The Disaster Recovery Personal Protection Act of 2006 was a bill introduced in the United States Congress intended to prohibit the confiscation of legally possessed firearms during a disaster. Its provisions became law in the form of the Vitter Amendment to the Department of Homeland Security Appropriations Act of 2007.

== Background ==
In the aftermath of Hurricane Katrina, New Orleans Chief of Police Eddie Compass ordered police and National Guard units to confiscate firearms from civilians who remained in the area.

The National Rifle Association and Second Amendment Foundation filed a lawsuit against the city of New Orleans to place an emergency injunction forbidding such seizures from continuing. A temporary restraining order was granted on September 23, 2005.

The Disaster Recovery Personal Protection Act of 2006 (H.R.5013, S.2599) was a bill introduced March 28, 2006, by Republican Congressman Bobby Jindal in the House and on April 7, 2006, by Republican Senator David Vitter in the Senate. On August 4, 2006, it was referred to committee.
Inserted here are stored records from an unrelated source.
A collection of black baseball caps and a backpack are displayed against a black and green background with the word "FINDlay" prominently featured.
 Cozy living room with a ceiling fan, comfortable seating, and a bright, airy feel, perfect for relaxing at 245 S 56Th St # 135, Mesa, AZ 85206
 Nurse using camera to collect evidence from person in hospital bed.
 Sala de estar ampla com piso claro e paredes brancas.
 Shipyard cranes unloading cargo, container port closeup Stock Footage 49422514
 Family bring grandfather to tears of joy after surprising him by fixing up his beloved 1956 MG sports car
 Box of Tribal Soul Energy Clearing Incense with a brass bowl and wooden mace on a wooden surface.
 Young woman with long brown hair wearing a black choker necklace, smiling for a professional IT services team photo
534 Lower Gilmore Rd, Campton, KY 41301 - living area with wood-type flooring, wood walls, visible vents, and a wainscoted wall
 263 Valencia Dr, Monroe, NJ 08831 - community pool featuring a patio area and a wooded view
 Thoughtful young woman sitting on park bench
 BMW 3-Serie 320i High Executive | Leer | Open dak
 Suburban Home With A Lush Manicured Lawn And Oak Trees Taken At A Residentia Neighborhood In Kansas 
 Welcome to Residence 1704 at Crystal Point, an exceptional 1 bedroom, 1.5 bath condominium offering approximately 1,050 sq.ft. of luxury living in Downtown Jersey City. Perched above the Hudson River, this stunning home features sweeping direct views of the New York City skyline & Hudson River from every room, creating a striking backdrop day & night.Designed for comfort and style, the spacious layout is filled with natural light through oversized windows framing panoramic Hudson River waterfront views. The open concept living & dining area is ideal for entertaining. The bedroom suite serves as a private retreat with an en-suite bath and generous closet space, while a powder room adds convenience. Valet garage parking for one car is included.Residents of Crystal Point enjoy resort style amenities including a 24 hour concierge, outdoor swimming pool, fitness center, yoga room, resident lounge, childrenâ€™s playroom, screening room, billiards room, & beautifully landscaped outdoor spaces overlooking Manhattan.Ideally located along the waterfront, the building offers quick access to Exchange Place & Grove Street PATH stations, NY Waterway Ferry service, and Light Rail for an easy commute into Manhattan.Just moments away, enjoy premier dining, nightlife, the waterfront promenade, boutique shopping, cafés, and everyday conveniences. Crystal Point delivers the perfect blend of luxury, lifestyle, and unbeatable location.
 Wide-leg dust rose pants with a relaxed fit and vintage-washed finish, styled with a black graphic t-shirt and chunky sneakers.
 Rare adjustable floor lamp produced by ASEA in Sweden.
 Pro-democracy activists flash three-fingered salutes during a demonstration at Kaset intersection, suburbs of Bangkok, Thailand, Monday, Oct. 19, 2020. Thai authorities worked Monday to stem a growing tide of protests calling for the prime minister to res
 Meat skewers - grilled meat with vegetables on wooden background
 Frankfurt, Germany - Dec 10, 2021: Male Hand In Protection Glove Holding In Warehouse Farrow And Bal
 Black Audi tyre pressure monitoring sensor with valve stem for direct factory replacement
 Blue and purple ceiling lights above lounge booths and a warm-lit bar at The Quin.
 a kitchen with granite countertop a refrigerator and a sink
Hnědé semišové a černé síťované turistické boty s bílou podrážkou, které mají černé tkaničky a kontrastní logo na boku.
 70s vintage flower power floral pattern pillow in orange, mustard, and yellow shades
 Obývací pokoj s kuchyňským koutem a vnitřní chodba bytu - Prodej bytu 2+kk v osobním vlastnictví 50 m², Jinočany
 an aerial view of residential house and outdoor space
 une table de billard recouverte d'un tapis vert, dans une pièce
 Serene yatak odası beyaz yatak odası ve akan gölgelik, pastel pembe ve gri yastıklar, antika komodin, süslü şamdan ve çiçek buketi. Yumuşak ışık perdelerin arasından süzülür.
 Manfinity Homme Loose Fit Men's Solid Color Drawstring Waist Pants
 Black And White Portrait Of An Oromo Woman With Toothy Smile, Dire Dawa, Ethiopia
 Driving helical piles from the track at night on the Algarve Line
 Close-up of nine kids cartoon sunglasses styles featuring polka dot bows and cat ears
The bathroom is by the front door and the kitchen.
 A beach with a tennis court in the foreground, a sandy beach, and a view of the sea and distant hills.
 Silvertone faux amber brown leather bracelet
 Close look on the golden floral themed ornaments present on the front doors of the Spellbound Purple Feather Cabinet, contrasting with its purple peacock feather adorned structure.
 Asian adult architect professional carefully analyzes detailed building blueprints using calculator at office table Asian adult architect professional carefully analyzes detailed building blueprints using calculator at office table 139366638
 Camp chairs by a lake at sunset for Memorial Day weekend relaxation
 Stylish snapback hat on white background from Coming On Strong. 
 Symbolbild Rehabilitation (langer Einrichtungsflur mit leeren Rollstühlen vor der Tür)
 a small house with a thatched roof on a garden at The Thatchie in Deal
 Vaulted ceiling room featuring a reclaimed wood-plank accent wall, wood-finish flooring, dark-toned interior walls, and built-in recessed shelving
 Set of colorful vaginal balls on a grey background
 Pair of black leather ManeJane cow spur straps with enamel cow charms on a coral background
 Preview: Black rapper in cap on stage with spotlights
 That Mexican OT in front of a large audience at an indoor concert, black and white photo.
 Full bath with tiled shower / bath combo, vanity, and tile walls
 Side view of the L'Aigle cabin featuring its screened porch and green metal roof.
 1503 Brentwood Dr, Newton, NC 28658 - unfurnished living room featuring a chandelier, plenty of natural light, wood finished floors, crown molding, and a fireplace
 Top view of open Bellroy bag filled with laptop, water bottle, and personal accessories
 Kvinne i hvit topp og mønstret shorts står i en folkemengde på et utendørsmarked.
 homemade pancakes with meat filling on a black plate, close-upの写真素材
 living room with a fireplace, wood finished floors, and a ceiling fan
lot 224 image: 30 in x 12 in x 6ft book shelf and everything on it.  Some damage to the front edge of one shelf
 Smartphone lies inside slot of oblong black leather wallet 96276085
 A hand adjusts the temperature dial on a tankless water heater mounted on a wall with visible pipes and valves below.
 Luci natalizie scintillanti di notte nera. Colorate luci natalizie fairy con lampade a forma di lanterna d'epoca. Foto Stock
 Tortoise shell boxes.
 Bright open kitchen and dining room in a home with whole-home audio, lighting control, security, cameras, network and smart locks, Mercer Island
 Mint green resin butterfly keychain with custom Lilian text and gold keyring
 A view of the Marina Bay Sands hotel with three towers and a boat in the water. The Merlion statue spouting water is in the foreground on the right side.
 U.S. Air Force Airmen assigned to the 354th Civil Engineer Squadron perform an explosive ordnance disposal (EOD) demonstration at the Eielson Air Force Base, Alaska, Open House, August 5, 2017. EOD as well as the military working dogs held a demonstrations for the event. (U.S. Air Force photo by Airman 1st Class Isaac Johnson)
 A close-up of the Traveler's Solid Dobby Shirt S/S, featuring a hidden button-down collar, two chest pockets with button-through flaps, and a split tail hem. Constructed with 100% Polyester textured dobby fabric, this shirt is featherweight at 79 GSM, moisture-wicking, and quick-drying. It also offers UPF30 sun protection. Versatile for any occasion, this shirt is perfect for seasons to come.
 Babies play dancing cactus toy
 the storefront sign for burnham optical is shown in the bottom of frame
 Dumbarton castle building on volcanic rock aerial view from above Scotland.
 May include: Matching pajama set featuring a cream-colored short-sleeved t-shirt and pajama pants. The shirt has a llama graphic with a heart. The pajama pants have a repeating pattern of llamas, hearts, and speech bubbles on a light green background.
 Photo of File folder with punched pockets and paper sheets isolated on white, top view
On July 12, 2006, Senator Vitter proposed Senate Amendment 4615 (the Vitter Amendment) to the Department of Homeland Security Appropriations Act, 2007 (H.R. 5441), to prohibit the confiscation of firearms during an emergency or major disaster if the possession of such firearms is not prohibited under federal or state law. The proposed amendment was subsequently modified to contain the provisions of the Disaster Recovery Personal Protection Act of 2006. However, the temporary surrender of a firearm could be required "as a condition for entry into any mode of transportation used for rescue or evacuation".

== Passage ==
On July 13, 2006, the Vitter Amendment passed the United States Senate 84 to 16. It was retained by the conference committee. President George W. Bush signed the Department of Homeland Security Appropriations Act on September 30, 2006, and it became Public Law 109-295.